▸ **Work item**
From the data below, copy exactly the lines that lie between the one holding "Check out the" and the one holding "Coming to my", including both, and nothing more.

▸ **Source records**
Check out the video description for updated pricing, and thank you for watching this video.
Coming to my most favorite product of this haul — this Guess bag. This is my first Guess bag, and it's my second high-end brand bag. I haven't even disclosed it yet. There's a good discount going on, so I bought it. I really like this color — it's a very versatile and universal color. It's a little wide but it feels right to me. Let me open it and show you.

--

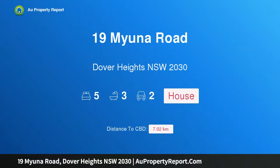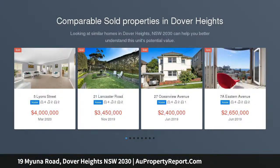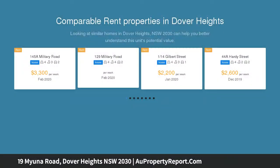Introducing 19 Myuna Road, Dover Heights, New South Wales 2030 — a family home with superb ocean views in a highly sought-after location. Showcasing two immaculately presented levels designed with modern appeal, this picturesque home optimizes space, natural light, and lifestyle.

---

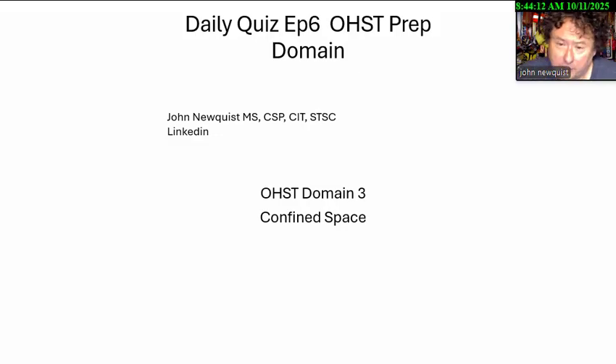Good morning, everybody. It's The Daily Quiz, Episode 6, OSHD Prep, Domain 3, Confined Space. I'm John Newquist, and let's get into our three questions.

▸ **The answer**
Check out the video description for updated pricing, and thank you for watching this video.
Coming to my most favorite product of this haul — this Guess bag. This is my first Guess bag, and it's my second high-end brand bag. I haven't even disclosed it yet. There's a good discount going on, so I bought it. I really like this color — it's a very versatile and universal color. It's a little wide but it feels right to me. Let me open it and show you.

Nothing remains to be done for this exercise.